# Low whine from Engine bay



## Trin_Starr (Aug 10, 2007)

Hello all,
I just bought a 99 altima a few days ago, and was hoping if someone can tell me what these sounds are or if it is normal.

(1) I hear a very faint whine that has a constant sound no matter if I am stopped at a light, or driving.

(2) When I'm driving on the highway (~65mph) and the road bends to the left, I hear a knocking noise from the driver side wheel well with some vibration in the steering wheel.

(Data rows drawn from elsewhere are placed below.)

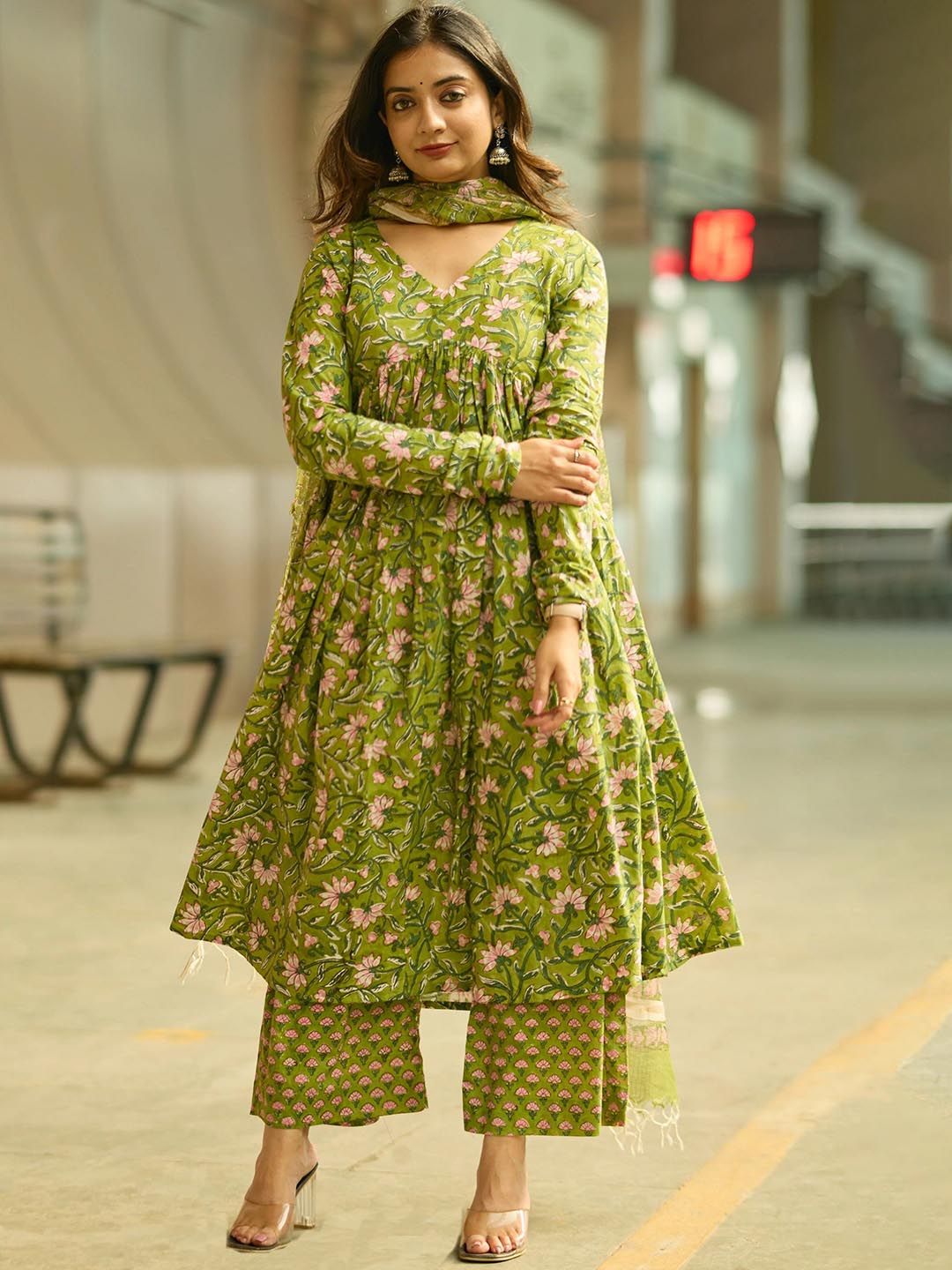 SRILICA Women Floral Printed Anarkali Kurta with Trousers & Dupatta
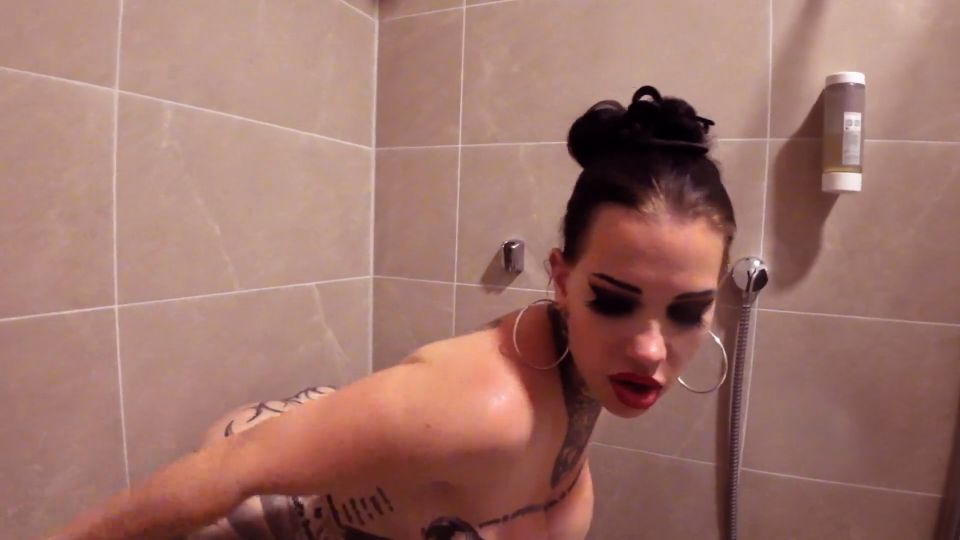 Miss AlessaMilano - 2 Fach Didlo in der Dusche - FullHD 1080P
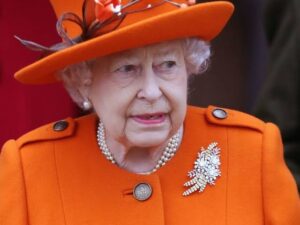 Queen Elizabeth Agnesisika blog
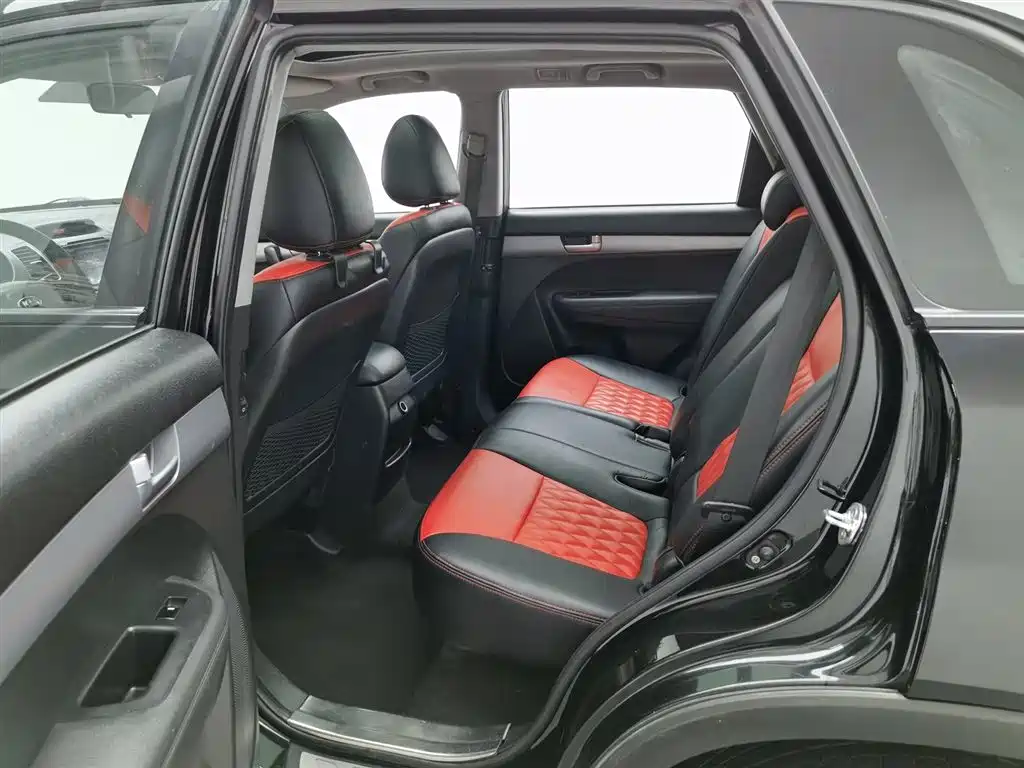 Kia Sorento 2015 — фото 15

I'm thinking it could be a bad ball joint?

(3) Does anyone here use lucas oil stabilizer and is it okay to put it in the engine?

Any feedback would be greatly appreciated - thanks


----------



## MickeyKnox (Jun 17, 2006)

the sound can come from number of things.

stabilizer bar links, stabilizer bar bushings, bad strut mounts, ball joints, control arm bushings .
I listed them in most likely to least likely in this car. just from what I experienced on my car.

also it can be wheel balancing issue.

oh and also rack and pinion bushings.


----------



## smj999smj (Jan 1, 2006)

The whining noise good be a bad idler pulley or accy. drive (ie alternator) bearing.


----------



## Trin_Starr (Aug 10, 2007)

thanks for the info.
I just found out yesterday that the vibration, knocking issue was a combination of bad struts and unevenly worn tires caused by the bad struts.

Here's another question - how many qts of oil does the altima take???
It seems like it's only about 3.5 - is that right?


----------